Security of quantum circuit obfuscation is established against both white-box and black-box adversaries:

  • White-box adversaries can access obfuscated circuit descriptions (e.g., QASM, Qiskit IR) and attempt algebraic or structural recovery.
  • Black-box adversaries have query access only, allowing input-output sampling or measurement-based statistical inference. Security is quantified using indistinguishability metrics (diamond and trace norms), semantic accuracy (the fraction of outcome distributions aligned under obfuscation), and total variation distance (TVD) between obfuscated and original output distributions (Parayil et al., 22 Dec 2025, Bartusek et al., 9 Oct 2025).

The infeasibility of generic circuit identity checking and conjugate-encoding underpins the security of many schemes. Table-based and compiler-resistance analyses further differentiate schemes, with randomized basis conjugation (e.g., U3-conjugation) obfuscating single-qubit gates and wrapping them as opaque unitary blocks, eluding pattern-based reverse engineering (Parayil et al., 22 Dec 2025).

5. Limitations, Open Problems, and Future Directions

Open questions and challenges defined by current research include:

  • Complexity barriers for general circuits: Removing the NP-hardness for ENIC with higher T-depth, or proving fixed-parameter tractability in T-depth, remains unresolved. Whether ENIC is hard at constant T-depth ≥2 is conjectured but open (Nevin, 22 Nov 2025).
  • Extending beyond pseudo-deterministic or unitary obfuscation: Current classical-oracle schemes handle either one-bit outputs or unitary programs. Obfuscation for quantum samplers, general isometries, or circuits producing superpositions is not yet realized (Bartusek et al., 2024, Huang et al., 16 Jul 2025).
  • Hardware-aware and scalable solutions: Implementation challenges exist for scaling randomized conjugation-based obfuscators, integrating with hardware-specific native gates, and ensuring viable decomposition and fidelity on large devices (Parayil et al., 22 Dec 2025).
  • Oracle-model limitations: Most strong security results require at least a classical random oracle, with instantiation in the plain (non-oracle) model—especially for full indistinguishability obfuscation—remaining open (Huang et al., 16 Jul 2025, Bartusek et al., 9 Oct 2025).
  • Approximate functional equivalence and approximate iO: If one allows approximate correctness (AGM-style), some barriers may be bypassed, but the relationship between approximate iO and exact ENIC remains an avenue for further research (Nevin, 22 Nov 2025).
  • Practical privacy/efficiency tradeoffs: Obfuscators must balance circuit overhead (gate count, depth increase), run-time performance, and fidelity deviation, especially in NISQ and cloud compilation settings (Parayil et al., 22 Dec 2025).

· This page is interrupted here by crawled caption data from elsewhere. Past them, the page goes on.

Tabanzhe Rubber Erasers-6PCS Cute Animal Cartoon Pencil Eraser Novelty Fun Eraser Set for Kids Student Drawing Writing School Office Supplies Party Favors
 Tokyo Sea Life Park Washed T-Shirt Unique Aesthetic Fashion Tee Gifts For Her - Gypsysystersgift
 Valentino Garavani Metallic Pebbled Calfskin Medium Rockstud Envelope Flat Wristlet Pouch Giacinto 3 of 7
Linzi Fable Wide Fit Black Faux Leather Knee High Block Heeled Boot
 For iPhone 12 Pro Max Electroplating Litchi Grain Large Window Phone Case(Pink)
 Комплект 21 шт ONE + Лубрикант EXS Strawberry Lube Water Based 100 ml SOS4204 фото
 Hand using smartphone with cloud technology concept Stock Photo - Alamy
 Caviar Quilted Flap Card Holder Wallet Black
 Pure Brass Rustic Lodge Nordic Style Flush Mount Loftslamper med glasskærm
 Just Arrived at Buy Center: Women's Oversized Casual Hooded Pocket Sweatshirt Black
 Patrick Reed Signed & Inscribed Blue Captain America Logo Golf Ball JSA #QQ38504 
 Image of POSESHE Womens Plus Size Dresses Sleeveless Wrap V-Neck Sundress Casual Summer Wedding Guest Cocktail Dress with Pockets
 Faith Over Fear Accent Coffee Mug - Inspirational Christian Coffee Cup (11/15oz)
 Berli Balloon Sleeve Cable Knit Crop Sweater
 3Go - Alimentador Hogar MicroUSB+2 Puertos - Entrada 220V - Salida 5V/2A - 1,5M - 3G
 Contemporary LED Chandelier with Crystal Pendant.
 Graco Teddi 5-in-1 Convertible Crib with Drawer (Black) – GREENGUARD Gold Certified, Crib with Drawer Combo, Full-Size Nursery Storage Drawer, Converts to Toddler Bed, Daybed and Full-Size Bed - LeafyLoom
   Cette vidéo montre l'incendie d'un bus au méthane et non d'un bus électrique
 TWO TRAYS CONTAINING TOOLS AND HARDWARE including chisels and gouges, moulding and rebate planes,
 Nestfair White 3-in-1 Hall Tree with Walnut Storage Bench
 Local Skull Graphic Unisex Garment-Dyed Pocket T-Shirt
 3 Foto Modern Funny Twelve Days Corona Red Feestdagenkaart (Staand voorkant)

6. Practical Applications and Broader Implications

Quantum circuit obfuscation underpins several advanced cryptographic and software security tasks:

  • Quantum software IP protection: Randomized conjugation and barrier insertion conceal gate-level structure, with empirical results showing high semantic accuracy and resistance to reverse engineering on standard algorithmic benchmarks (Parayil et al., 22 Dec 2025).
  • Blind and delegated quantum computation: Publicly-verifiable QFHE-based obfuscators enable succinct, blind, non-interactive verification of BQP computations by classical clients, with the first such protocols supporting blindness and public verifiability (Bartusek et al., 9 Oct 2025).
  • Quantum cryptography primitives: Indistinguishability obfuscation (even for null or pseudo-deterministic circuits) facilitates witness encryption for QMA, publicly-verifiable zero-knowledge protocols, and attribute-based encryption for BQP (Bartusek et al., 2021).
  • Compiler/hardware privacy: In cloud or multi-tenant contexts, dummy-gate strategies, cover traffic via t-designs, and hardware-level pulse obfuscation (including decoy-pulse schemes) further mitigate circuit and data leakage at both software and physical layers (Trochatos et al., 2023, Punch et al., 31 Aug 2025).

Continued progress in quantum circuit obfuscation, both in foundational models and practical instantiations, is essential for scalable, secure quantum software deployment, cryptographic innovation, and long-term realization of secure, delegated quantum computation.